> **EXTRACTED MATERIAL**
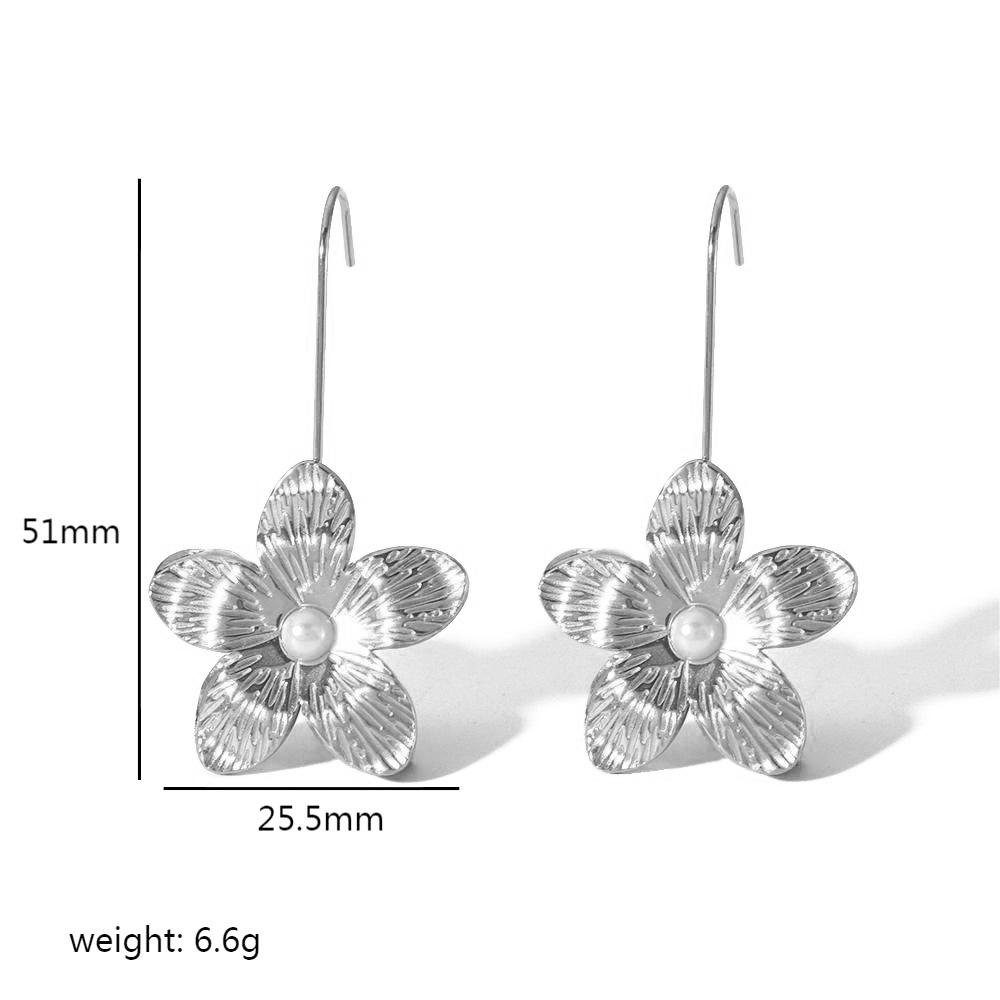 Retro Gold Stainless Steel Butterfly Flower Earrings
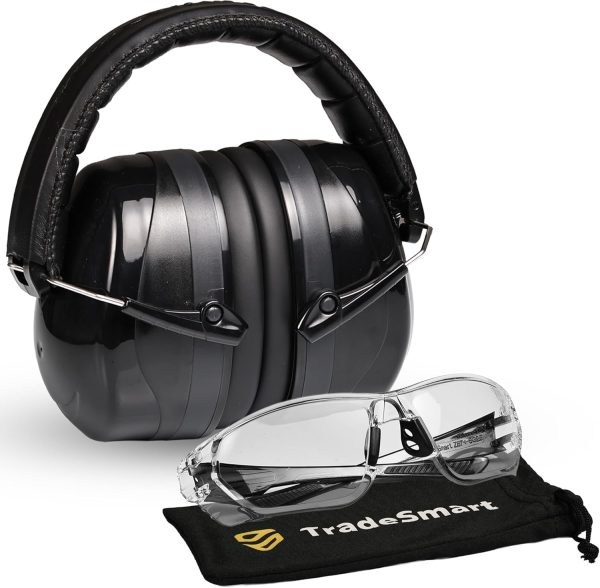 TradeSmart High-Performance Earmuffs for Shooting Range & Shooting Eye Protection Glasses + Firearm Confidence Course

* * *

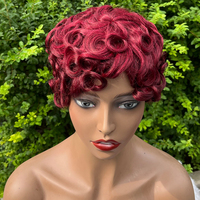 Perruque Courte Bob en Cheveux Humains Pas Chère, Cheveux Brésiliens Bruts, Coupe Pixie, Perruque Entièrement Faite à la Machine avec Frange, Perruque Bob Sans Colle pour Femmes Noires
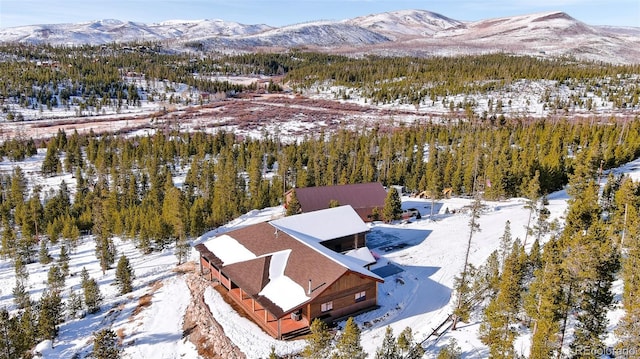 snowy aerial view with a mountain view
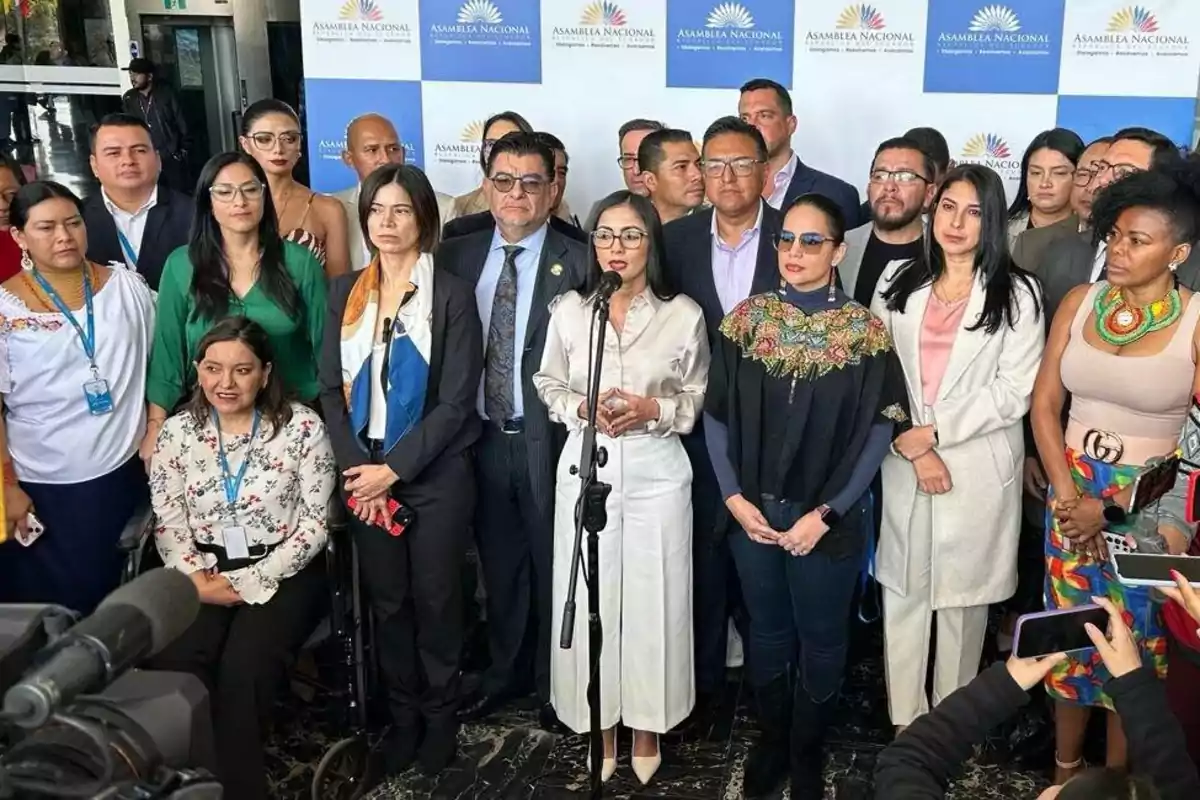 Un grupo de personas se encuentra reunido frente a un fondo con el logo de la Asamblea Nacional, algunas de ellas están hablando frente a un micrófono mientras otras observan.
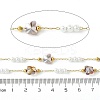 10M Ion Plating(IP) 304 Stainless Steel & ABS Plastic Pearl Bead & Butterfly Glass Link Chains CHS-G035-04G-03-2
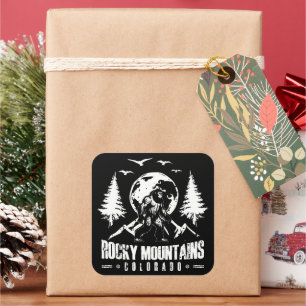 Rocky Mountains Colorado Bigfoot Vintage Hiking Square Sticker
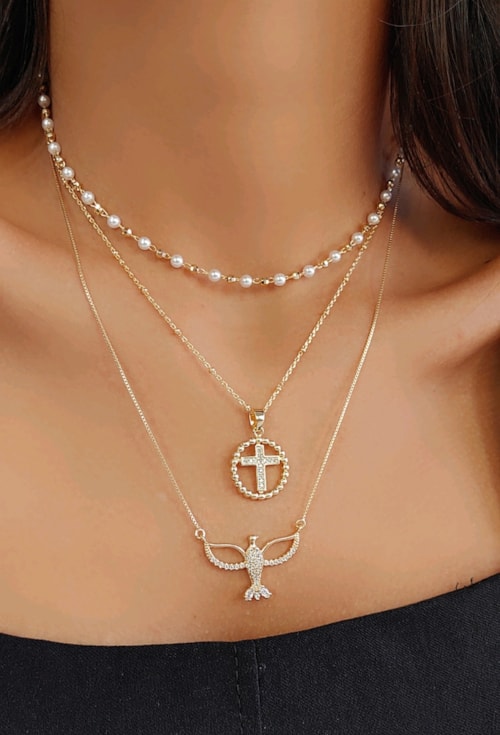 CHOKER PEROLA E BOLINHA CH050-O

...

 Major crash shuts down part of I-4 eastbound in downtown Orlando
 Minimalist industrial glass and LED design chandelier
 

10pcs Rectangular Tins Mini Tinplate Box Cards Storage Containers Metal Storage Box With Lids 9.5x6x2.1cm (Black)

> **EXERCISE REQUIREMENTS**
Give back exactly the lines above that run from the one with "Un grupo de" to the one with "10M Ion Plating(IP)", including both, with the pictures left out.

> **EXERCISE RESPONSE**
 Un grupo de personas se encuentra reunido frente a un fondo con el logo de la Asamblea Nacional, algunas de ellas están hablando frente a un micrófono mientras otras observan.
 10M Ion Plating(IP) 304 Stainless Steel & ABS Plastic Pearl Bead & Butterfly Glass Link Chains CHS-G035-04G-03-2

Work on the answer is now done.